2000. Qu’est-ce qu’on l’a attendue cette année-là ! Quand on était mômes, on s’y projetait : on savait tous l’âge qu’on aurait. Pour moi, 36 ans ! Qu’est-ce que c’était vieux ! On en riait comme des fous. On croyait que ça n’arriverait jamais. Et que cette année-là comblerait les rêves les plus futuristes. Plus traditionnellement, j’étais persuadée qu’à cet âge canonique, je serai déjà à la tête d’une famille, d’un travail, d’une maison, que sais-je encore. Je n’avais pas beaucoup d’imagination pour ce genre de normes.

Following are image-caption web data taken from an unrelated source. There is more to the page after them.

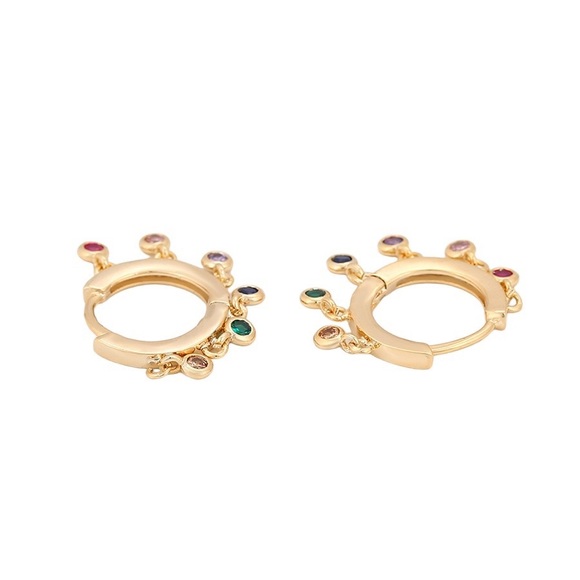 18k Gold-plated Hoops Earrings - Picture 6 of 6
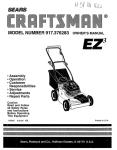 Craftsman 917.376283 Operator`s manual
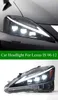 Сборка фар-света автомобиля для LEXUS IS250 Светодиодный светодиодный сигнал DRL Dynamic Thind Signame High Beam Fedamplamp 2006-2012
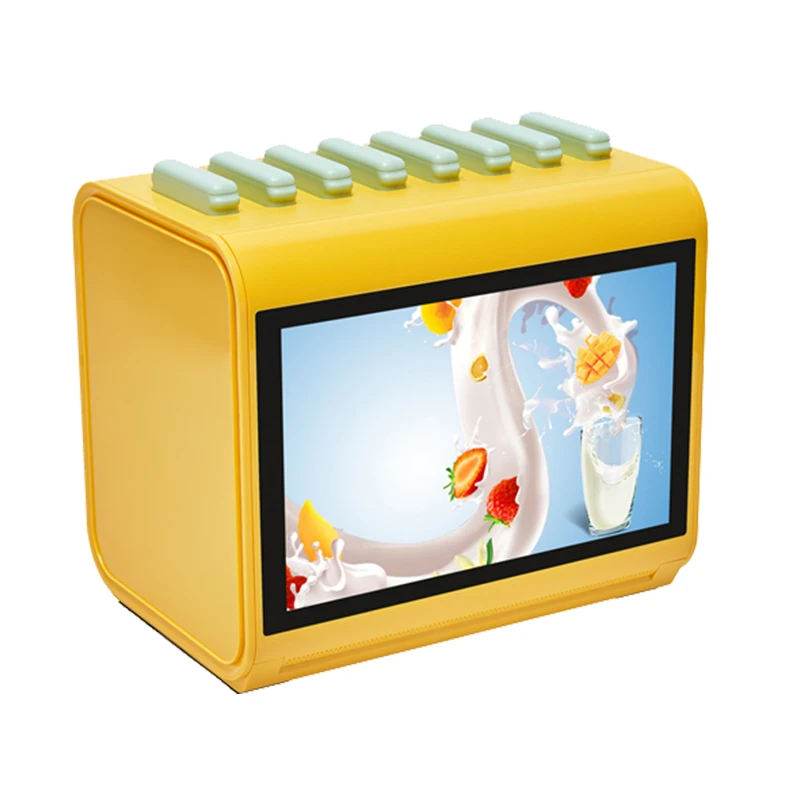  2021 new OEM 5V 2A 5000mAh 10.1inch lcd screen 8slots power bank charger station with 8pcs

Comment aurais-je pu imaginer qu’en l’an 2000 – comme on disait – je serais déjà morte et re-née plusieurs fois, et que ce chiffre rond verrait de ma vie un nouveau recommencement chaotique. Une nouvelle rupture, une nouvelle renonciation, un quotidien bouleversé, des projets encore à revoir.

L’interrogation, cette année-là, est celle qui jalonne ma vie depuis longtemps, récurrente, parfois désespérante, parfois apaisante : combien de faux chemins faut-il emprunter, combien de voies sans issues doivent-elles se révéler pour qu’au bout du compte on puisse espérer trouver la route qui mène à soi-même ? Combien d’erreurs, de ratés, de projets avortés, d’espoirs déçus, de bonheurs ou souffrances inattendues avant d’arriver à se dire « Or donc, ça c’est ma vie… ». Sans amertume. Juste parce qu’on a réussi à muer les renoncements en acceptation.

En l’an 2000, les bras d’un homme, dans lesquels je me sentais bien, se dérobent à moi. En 2000, j’accepte peut-être que la vie ne soit pas aussi ronde que ces trois zéros, mais sinueuse, encore et toujours. Je ne vois pas d’horizon mais toujours un mur derrière un autre mur. Alors voilà, ma vie est ce labyrinthe toujours plus vaste. Peut-être faut-il que je prenne mon parti du labyrinthe. Que je cesse d’espérer en trouver la sortie. Vivre dans mon labyrinthe , prendre les virages souplement, faire demi-tour sans m’exaspérer, et profiter du ciel au-dessus.